Communiqué commun FIDH, ACAT-France, LDH, LTDH, Survie, Agir Ensemble pour les droits de l’HommeNos organisations regrettent qu’un an après les faits, les autorités tchadiennes n’aient apporté aucune réponse quant au sort de l’opposant M. Ibni Mahamat Saleh, enlevé par les forces armées le 3 février 2008, et n’aient toujours pas engagé d’enquêtes et de poursuites à l’encontre des agents de l’Etat responsables de cette disparition forcée et de ceux qui se sont rendus responsables des violations graves des droits de l’Homme à l’occasion de la tentative de coup d’Etat de février 2008.
La Commission d’enquête mis en place pour faire la lumière sur les événements de février 2008 avait clairement établie la responsabilité de la garde présidentielle dans cette disparition forcée. Pourtant, à ce jour aucune réponse n’a été apportée quant au lieu de détention et au sort réservé à M. Ibni Mahamat Saleh.

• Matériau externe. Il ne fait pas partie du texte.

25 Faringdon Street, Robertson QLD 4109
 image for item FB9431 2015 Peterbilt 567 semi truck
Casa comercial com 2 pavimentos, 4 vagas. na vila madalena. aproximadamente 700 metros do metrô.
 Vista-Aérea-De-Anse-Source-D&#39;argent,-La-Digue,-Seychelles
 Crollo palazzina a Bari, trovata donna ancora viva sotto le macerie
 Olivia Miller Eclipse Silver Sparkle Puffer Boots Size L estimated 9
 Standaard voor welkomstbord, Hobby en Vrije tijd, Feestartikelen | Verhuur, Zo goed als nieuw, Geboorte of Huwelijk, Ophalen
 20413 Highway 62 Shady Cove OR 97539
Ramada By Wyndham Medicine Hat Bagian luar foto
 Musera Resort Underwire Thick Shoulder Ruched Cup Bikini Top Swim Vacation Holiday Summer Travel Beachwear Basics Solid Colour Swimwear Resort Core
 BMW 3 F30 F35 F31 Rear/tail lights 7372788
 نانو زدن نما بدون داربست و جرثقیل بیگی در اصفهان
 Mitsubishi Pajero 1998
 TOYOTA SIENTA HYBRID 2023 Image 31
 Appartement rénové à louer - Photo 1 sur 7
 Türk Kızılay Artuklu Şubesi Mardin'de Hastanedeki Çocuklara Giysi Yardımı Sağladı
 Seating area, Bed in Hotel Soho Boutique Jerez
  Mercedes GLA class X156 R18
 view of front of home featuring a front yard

Plus largement, nos organisations demeurent préoccupées par la situation d’impunité qui prévaut au Tchad pour les auteurs de violations des droits de l’Homme en dépit des conclusions de la Commission d’enquête sur les événements de février 2008. Celle-ci avait pourtant établie que la majorité des exactions et des graves violations des droits de l’Homme perpétrées lors de l’offensive et surtout après le retrait des forces rebelles étaient le fait d’action de représailles par l’Armée nationale tchadienne (ANT) et recommandait, entre autre, la poursuite des enquêtes et le jugement des responsables.
Nos organisations expriment leurs plus vives inquiétudes quant à l’absence de volonté des autorités tchadiennes de donner suite aux conclusions de la Commission. En effet, elles déplorent la mise en place d’un Comité de suivi composé exclusivement de ministres, sans observateurs internationaux et sans participation de la société civile. Ce comité n’offre aucune garantie quant à la prise en compte des droits des victimes, la mise en œuvre des responsabilités en matière de violation des droits de l’Homme et aux éclaircissements sur le sort d’Ibni Mahamat Saleh.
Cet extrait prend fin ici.